The Four Buying Habits Series: The Humanistic Buyer
When marketing your law firm, it is essential to consider the decision-making process people engage in when it comes to hiring an attorney. People typically demonstrate four main buying habits when making a purchase or hiring a professional service provider. By identifying those patterns and tailoring your marketing efforts toward them, you can make sure you are not alienating a segment of the market. The four main buying habits are: competitive, spontaneous, methodical, and humanistic, and each group has a set of easily identifiable traits. If your website and marketing materials speak to each of the four groups, you have a greater chance of making a convincing case that you are the right option for them.
The humanistic buyer makes decisions based on emotion rather than logic, but should not to be confused with a spontaneous buyer who may be impulsive or in a rush. Instead, the humanistic buyer is seeking a connection to the attorney or the firm, and will contact you if they feel you are the right “fit” for them on a personal level. Attorneys and marketers often overlook this group of buyers in legal marketing because legal websites tend to sacrifice the “human touches” in order to display professionalism, strength, and results.
The humanistic buyer is often not interested in million dollar verdicts or awards and accolades. Rather, they want to know who you are as a person and seek reassurance that you are genuinely interested in helping them. Pictures, videos, and non-legal signals, such as your hobbies or involvement in the community, often reassures this buyer.
Photography is an essential element when gaining the attention of the humanistic buyer. If you can feature a few photos with some warmth and a personable touch, the humanistic buyer may be able to connect with you. Instead of tough posturing on the courthouse steps, a few photos in your office with your tie loosened and a smile on your face may be a more effective way to capture this buyer. Some effective photos have artfully shown members of the firm at community events, or kids and grandkids visiting the attorney’s office.
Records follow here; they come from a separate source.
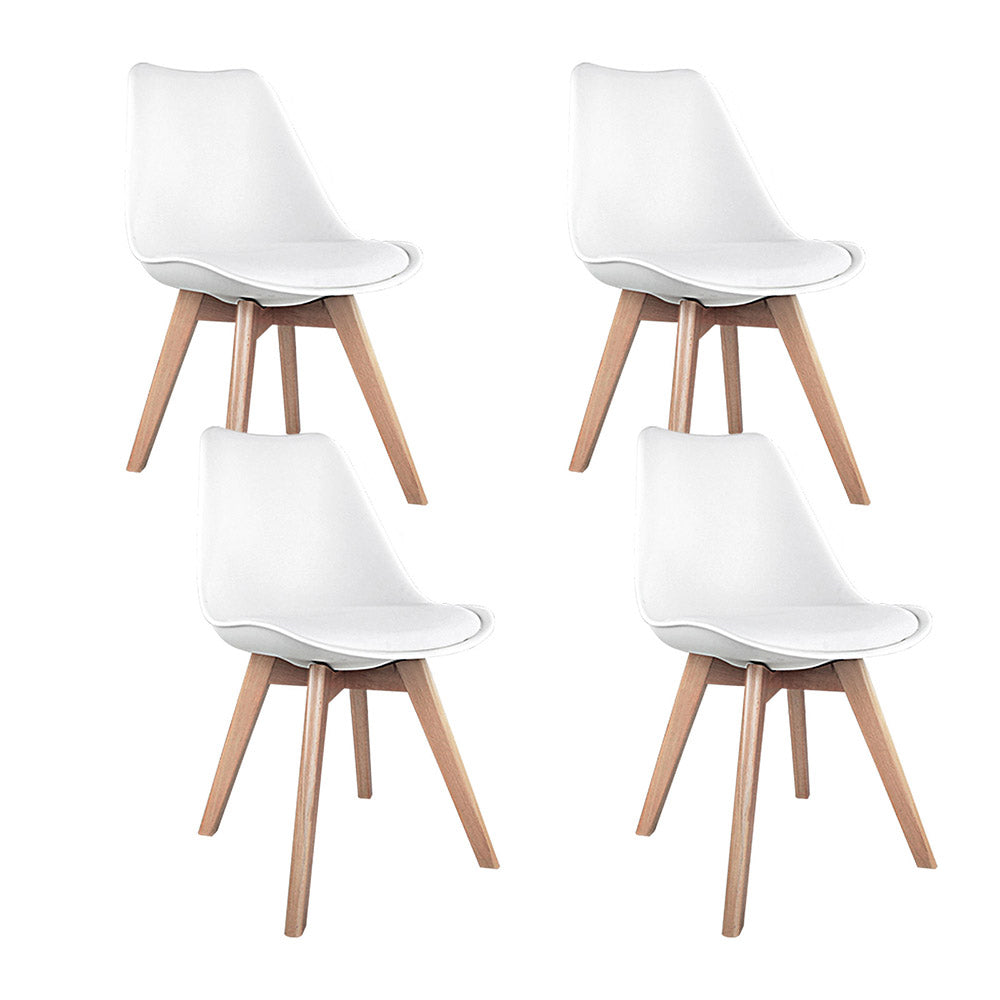 Artiss Set of 4 Padded Dining Chair - White - Oceania Mart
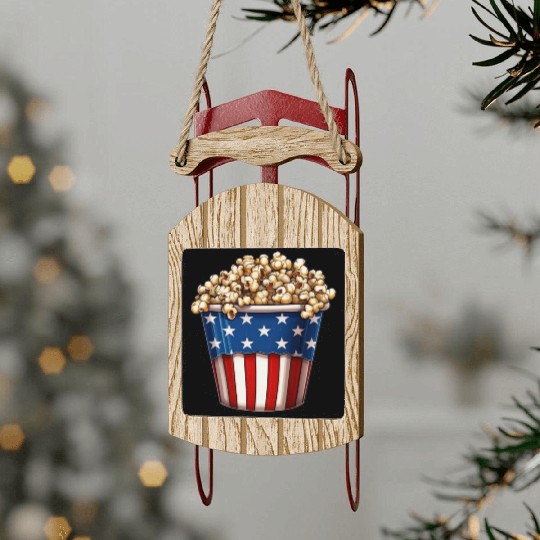 4th Of July. popcorn Sled Ornaments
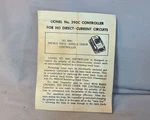 Lionel Postwar # 390C Controller For Ho Direct-current Circuits Instructions. Fixed Price $12.95.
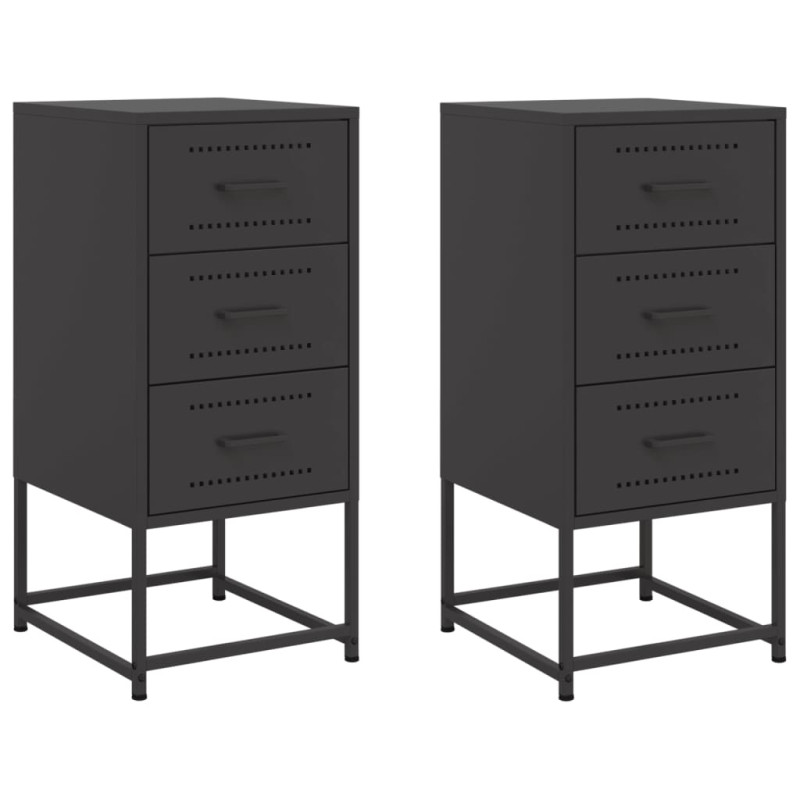 Szafki nocne, 2 szt., czarne, 36x39x78 cm, stal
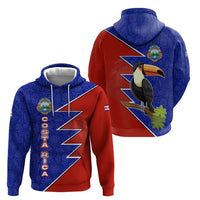 Costa Rica Toucan Zip Hoodie Red and Blue with National Seal and Tropical Bird Graphic - Wonder Print Shop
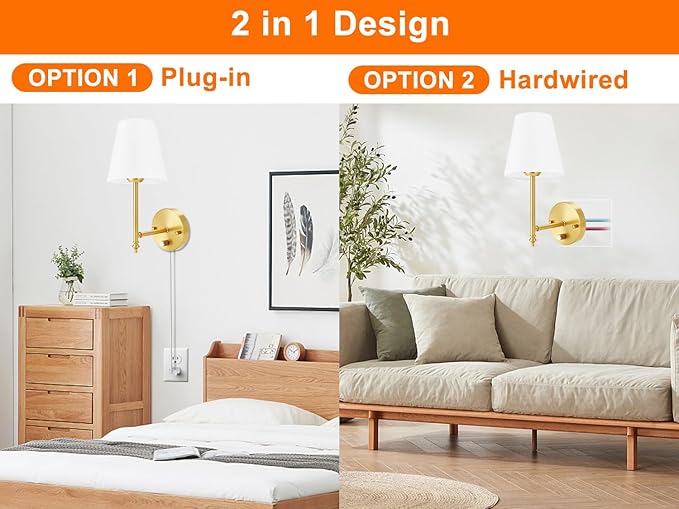 Wall Sconces Set of Two with Remote Control, Dimmable, Adjustable Colors 2700-6500K, Plug in Wall Sconces with White Fabric Shades, Plug in Wall Light, Gold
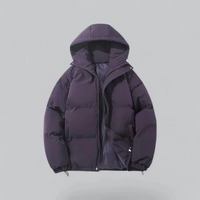 Unisex Winterjacke mit Kapuze und Reißverschluss - Violett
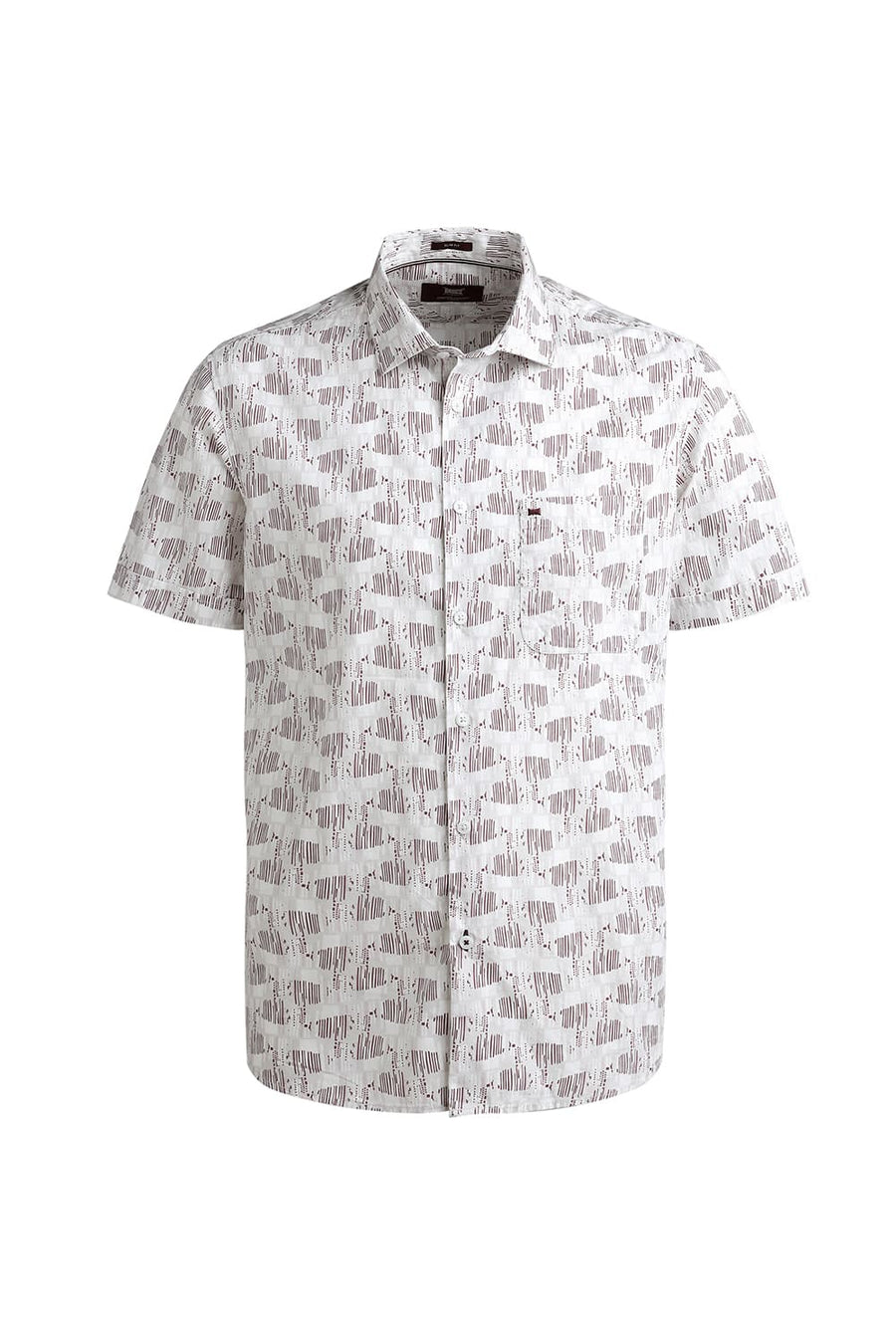 BASICS SLIM FIT CRIMSON PINK COTTON POPLIN PRINTED HALFSLEEVES SHIRT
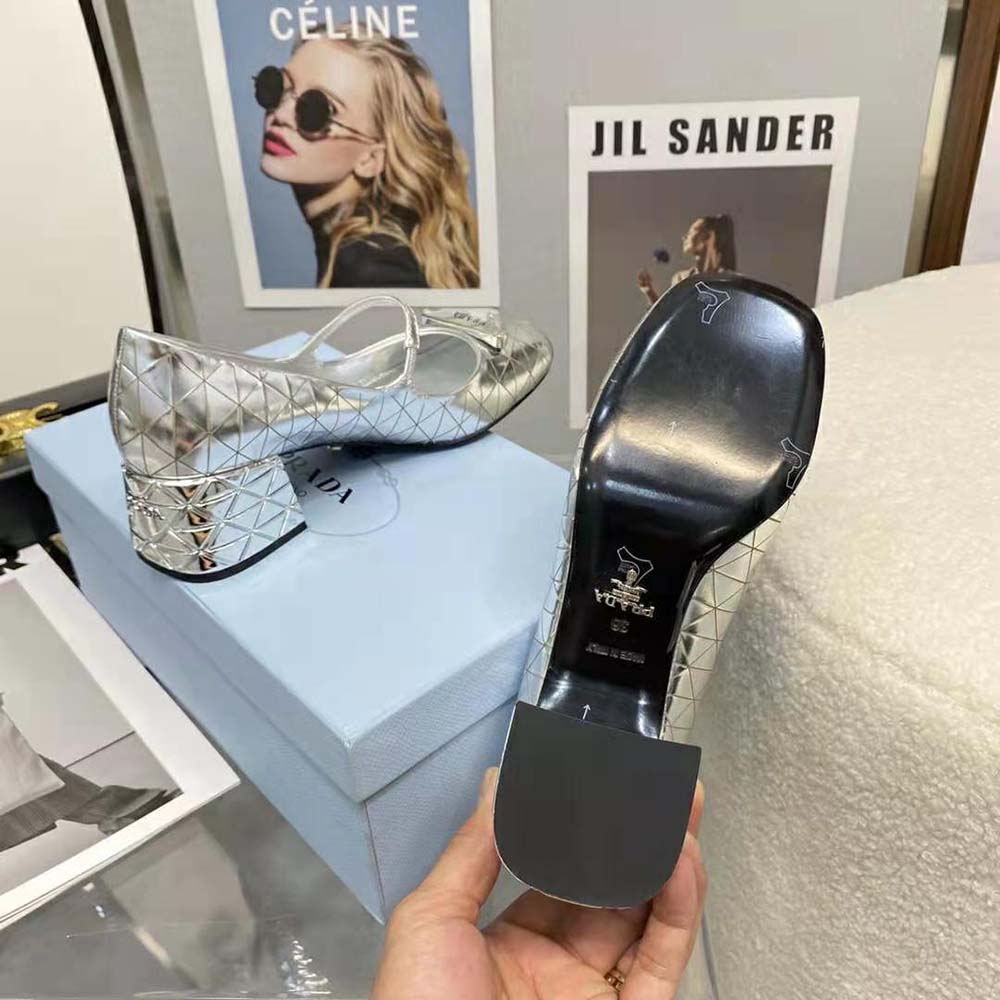 Prada Women Metallic Leather Pumps in 45mm Heel Height-Silver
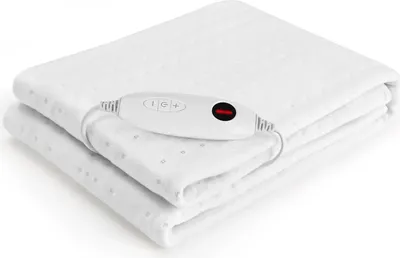 Immagine prodotto di Coprimaterasso elettrico riscaldato - Sottocoperta riscaldata - 150 x 80 cm - 100 W - 6 livelli - 8 ore di spegnimento automatico - Spina UE - Lavabile in lavatrice - Bianco
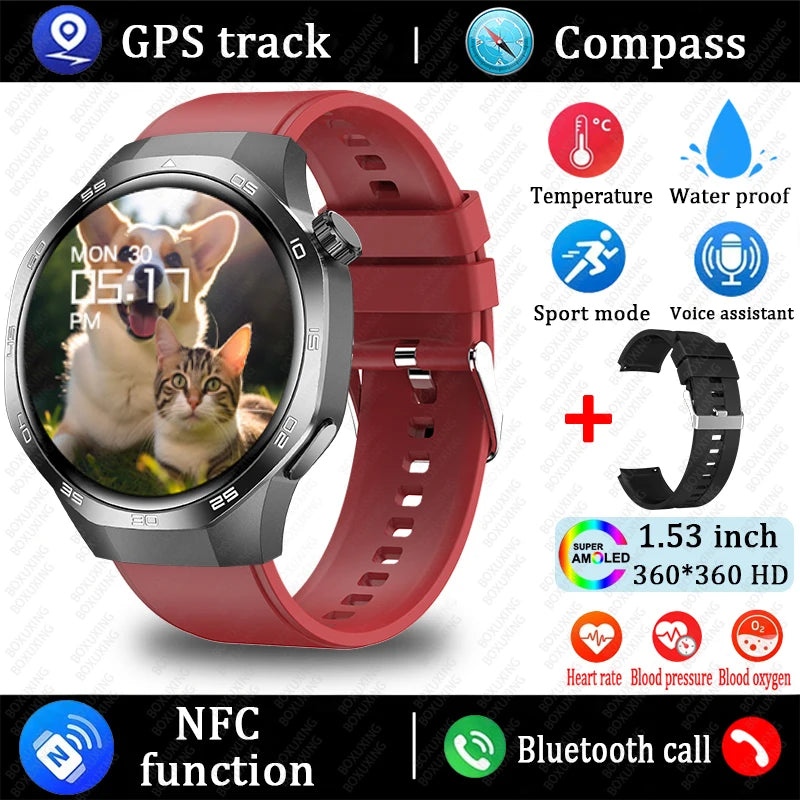 2026 New Watch 5 MAX Smart Watch HD AMOLED Screen NFC GPS Tracker Bluetooth Call Waterproof Sports Health Smartwatch Men Women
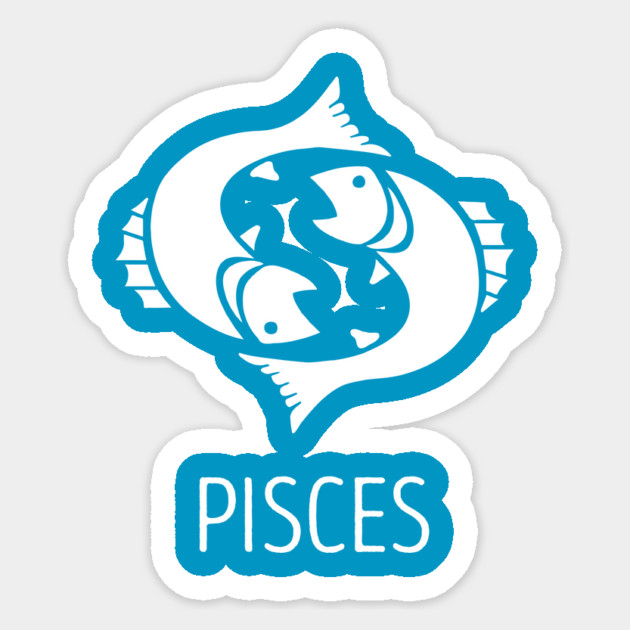 Astrological Zodiac Tee Shirts - Pisces the Fish Sticker by Nonstop Shirts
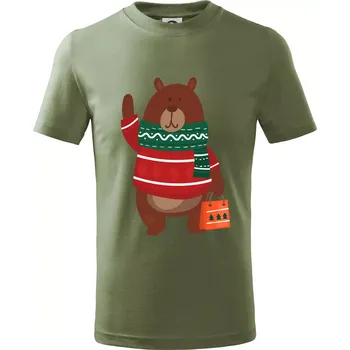 Medvěd s dárkem - Tričko dětské bavlněné - 122 cm/6 let ( Khaki )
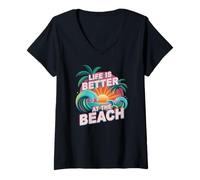 Femme Rétro Life is Better at Beach Salty Trip Vacation Beaching T-Shirt avec Col en V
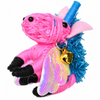 Watchover Voodoo unicorn keyring pink and blue string doll with iridescent wing, gold bell and black hooves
Involvement in the community can also speak to the humanistic buyer, who is again searching for an emotional connection with you and your firm. Providing scholarships, participating in mock trials, or sponsoring community events are all effective ways to reach this buyer. Sometimes, simply giving them a clue into your life outside of the office is enough. Many attorneys discuss passion projects or interests on their bio pages; for example, tidbits about their love of cycling or participation in local marathons. A mention of your family and your life outside of the firm can go a long way in convincing the humanistic buyer that you are just like them and are willing to help them with their case.